Las señaló en el mapa.
– A ver si Yrsa nos viene con algo que sea más sólido que lo encontrado hasta ahora y podemos comparar los datos. Tú, mientras tanto, sigue con lo tuyo.
Siguió media hora de relajación reconfortante con los pies sobre la mesa, hasta que una sensación de cosquilleo en el puente de la nariz lo devolvió a la realidad. Sacudió la cabeza, abrió los ojos y se vio en el epicentro de una horda de moscones verdeazulados brillantes a la caza de un lugar donde poner huevos que no fuera el adorno azucarado del paquete de tabaco.
– Me cago en la mar -se desfogó, dando manotazos a diestro y siniestro; un par de moscones cayeron al suelo con las seis patas al aire.
Ya estaba bien.
Miró en su papelera. Hacía semanas que había arrojado algo, y todavía seguía allí, pero no había restos orgánicos que pudiera pensarse que tentaran a una mosca parturienta.
Carl miró al pasillo; había otra condenada mosca. A saber si en alguna de las comidas exóticas de Assad había vuelto a generarse vida. ¿Sería su tahín , que empezaba a tener vida propia, o sus delicias turcas que apestaban a agua de rosas, que habían parido bichos de importación?
– ¿De dónde han salido todas estas moscas? -espetó ya antes de entrar en la caja de cerillas de Assad.
En el interior había un olor penetrante. Nada que ver con el estándar de azúcar habitual. Parecía más bien que hubieran andado jugando con un mechero Zippo.
Assad levantó la mano en el aire. Estaba de lo más concentrado, con el receptor pegado al oído.
– Sí -dijo varias veces por el teléfono. Después continuó con voz más profunda y aire más autoritario de lo normal-. Pues entonces habrá que ir a comprobarlo.
Concertó una cita y colgó.
– Te preguntaba de dónde han salido estas moscas -informó Carl, señalando a un par que se habían posado en un póster precioso con dromedarios y un mogollón de arena.

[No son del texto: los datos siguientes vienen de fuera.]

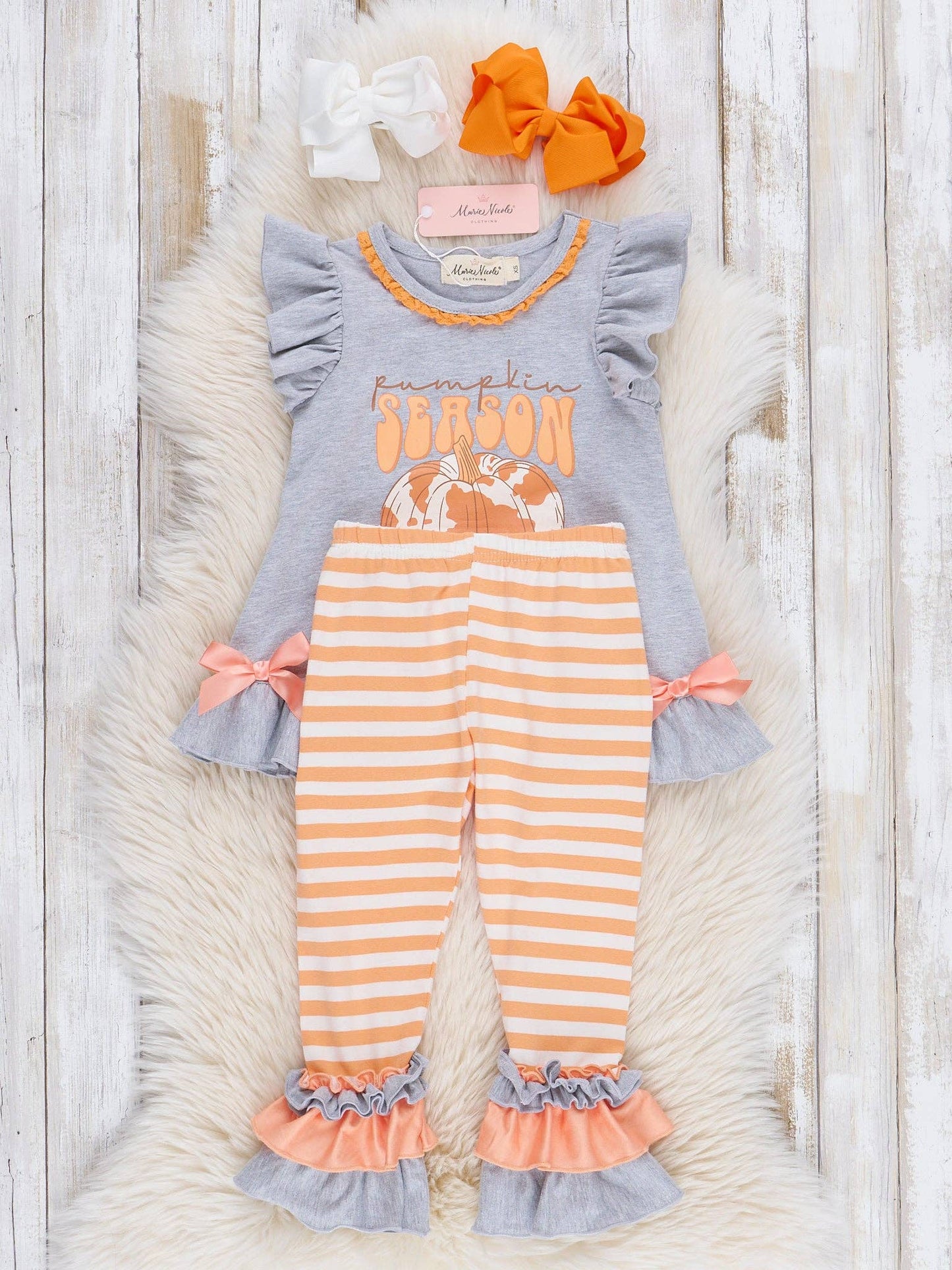 Pumpkin Season Ruffle Outfit: XL(5yrs)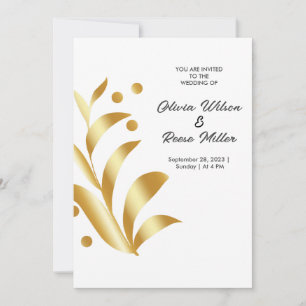 Gold Leaves Abstract Invitation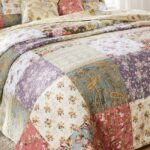 Juego de colcha Blooming Prairie Greenland Home Fashions GL-0910NK 3 piezas algodón multicolor tamaño King diseño floral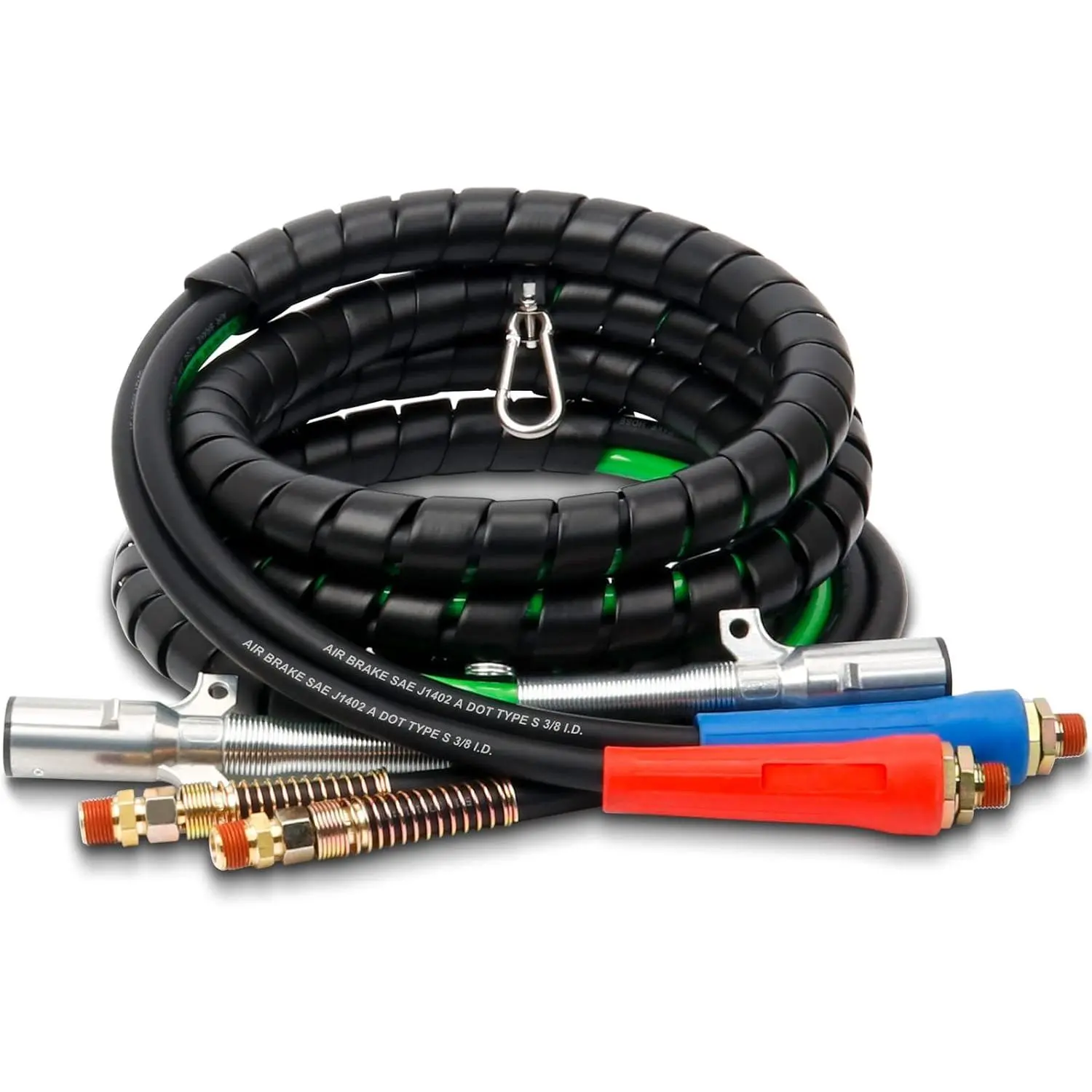 15ft 3-in-1 ABS Power Air Hose Kit with Swivel Grip, Zinc Cast Fittings, 3/8 I.D., Color-Coded Grips, SAE J1402 3-to-1 Combo Line & Wrapped 7-Way Electric Rubber Air Lines for Tractor Semi Trailer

– Carl, me parece, o sea, que he encontrado una familia -informó Assad. Su rostro expresaba incredulidad. Como alguien que mira un billete de lotería y comprueba que los números coinciden con el ganador de diez millones de coronas. Como el que, casi con dolor, debe reconocer que el sueño de su vida acaba de hacerse realidad en ese momento.
– ¿Una qué?
– Una familia que estuvo en manos de nuestro secuestrador, creo.
– ¿Son los de la Casa de Cristo de los que hablaste?
Assad asintió en silencio.
– Los ha encontrado Lis. Es otra dirección y otro apellido, pero son ellos. Hizo comprobaciones con los números de registro civil. Cuatro hijos, y el más joven, Fleming, tenía, o sea, catorce años hace cinco.
– ¿Has preguntado dónde está el chico actualmente?
– No me ha parecido conveniente, o sea.
– ¿Qué es eso que has dicho de que habrá que ir a comprobarlo?
– Bueno, le he dicho a la señora que éramos de Hacienda y que nos parecía extraño que su hijo más joven, que por lo visto es el único de sus hijos que no ha emigrado, no hubiera enviado su declaración de la renta pese a hacer mucho que cumplió los dieciocho.
– Assad, no puede ser. No podemos hacernos pasar por funcionarios que no somos. Y por cierto, ¿de dónde sabes eso de la declaración de renta?
– De ninguna parte. Se me ha ocurrido, sin más -indicó, llevándose el dedo a la nariz.
Carl sacudió la cabeza, pero Assad tenía cierta razón. Si la gente no había cometido un delito de verdad, no había como Hacienda para que fliparan y perdieran la cabeza.
– ¿Adónde tenemos que ir, y cuándo?
– Es un pueblo que se llama Tølløse. La mujer me ha dicho que su marido volvería a casa a las cuatro y media.
Carl miró la hora.
– Vale, iremos juntos. Buen trabajo, Assad, muy bien por tu parte.
Carl sonrió un milisegundo y luego señaló el festival de moscas pegadas al póster.
– Assad, venga: ¿tienes aquí algo que esos putos bichos puedan llamar su casa?
Assad abrió sus cortos brazos.
– No sé de dónde vienen.
Su rostro se paralizó un instante.
– Pero ese sí que sé de dónde viene -dijo, señalando un diminuto insecto solitario bastante más pequeño que los moscones. Un ser frágil e ingenuo que murió de repente al entrar en contacto con las nervudas manos morenas de Assad.
– ¡Te agarré! -gritó Assad, triunfante, mientras barría la polilla con el cuaderno-. De esos he encontrado un montón ahí.